Monday, February 19, 2007

The Host

The Host (Gwoemul) is the third and latest film by Korean director Bong Joon-ho, and fits squarely in the monster genre, along with Alien, Godzilla and Jaws (all of which it is being compared to). His previous films (neither of which I have seen) were Memories of Murder (Salinui chueok, 2003), a crime thriller, and Barking Dogs Never Bite (Flandersui gae, 2000) a dark comedy.

Unfortunately, we don’t see many Korean films distributed in this country. Those I have seen have been arthouse or festival screenings and hold in high esteem such as Kim Ki-Duk’s Spring, Summer, Autumn, Winter… and Spring (Bom yeoreum gaeul gyeoul geurigo bom) and Address Unknown (Suchwiin bulmyeong), and Chang-dong Lee’s Oasis. Korea reportedly has a strong culture of supporting it’s own film industry, so it is a matter of regret that we don’t get to see more of the country’s output.

The Host is by no means an arthouse release, sharing more in common with Hollywood productions, though clearly superior to that derivation. There are clear political sub-themes in the film, some anti-American, with references to US exploitation and environmental irresponsibility, political deceit and images reminiscent of SARS.

The Host is a curious creature (pun not intended).
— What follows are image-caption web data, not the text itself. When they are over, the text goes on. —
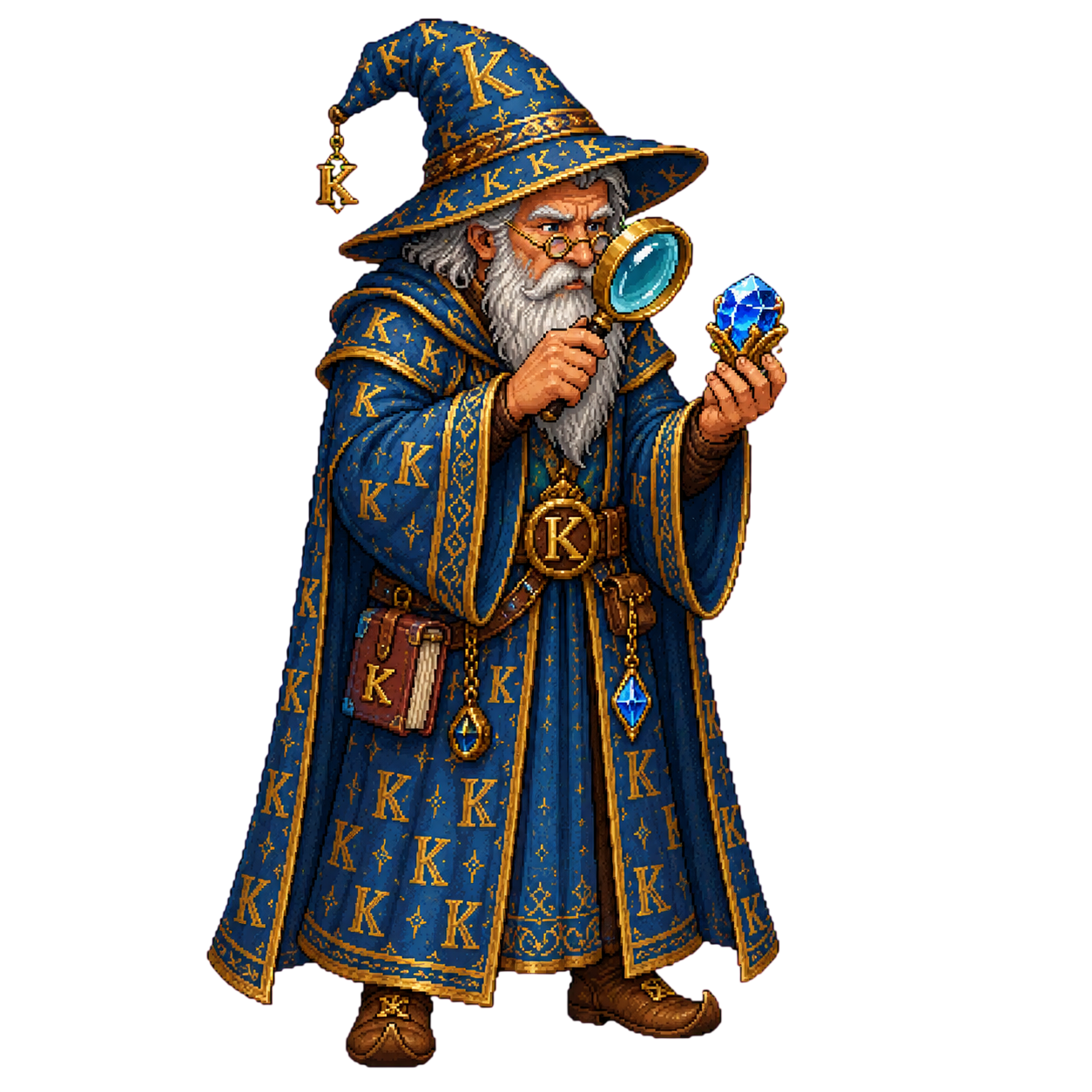 Zauberer von Keylooter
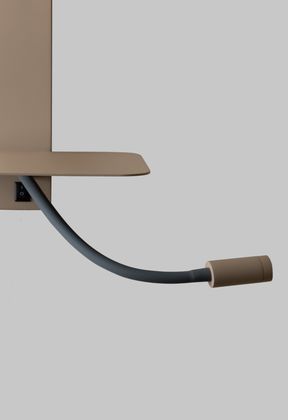 It's about RoMi Florence Wandlamp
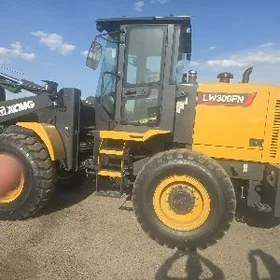 XCMG LW300F 2026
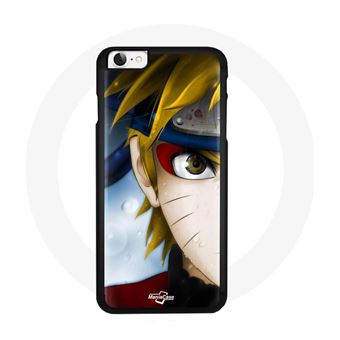 Coque Iphone 6 Naruto Anime poster Maniacase - 1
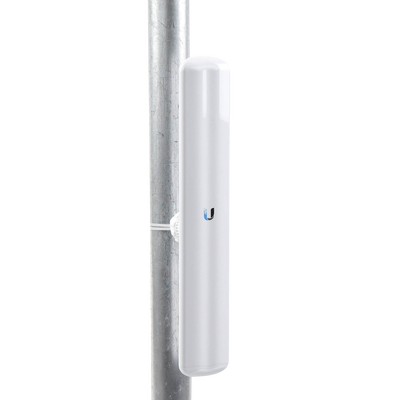 UBIQUITI - Estación Base 2x2 MIMO airMAX LiteAP AC hasta 450 Mbps, 5 GHz (5150 - 5875 MHz) con antena integrada de 16 dBi y cobertura de 120 grados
On the one hand it employs beautifully realistic cinematography, perhaps with a slight blue tint to emphasise coldness and an environment favourable to the creature and subtly hostile towards humans. Neither the colouration nor the contrast are overused as seems to be par for the course in such films these days.

The creature effects by Weta (Lord of the Rings) and The Orphanage (Harry Potter and the Goblet of Fire) are also very effective. The CGI is used to extremely good effect with excellent attention to detail, and is not overused (as is often the case in the genre). The creature itself is creepy and believable. The story pans out with a palpable sense of tension; this is edge-of-your seat for much of the action.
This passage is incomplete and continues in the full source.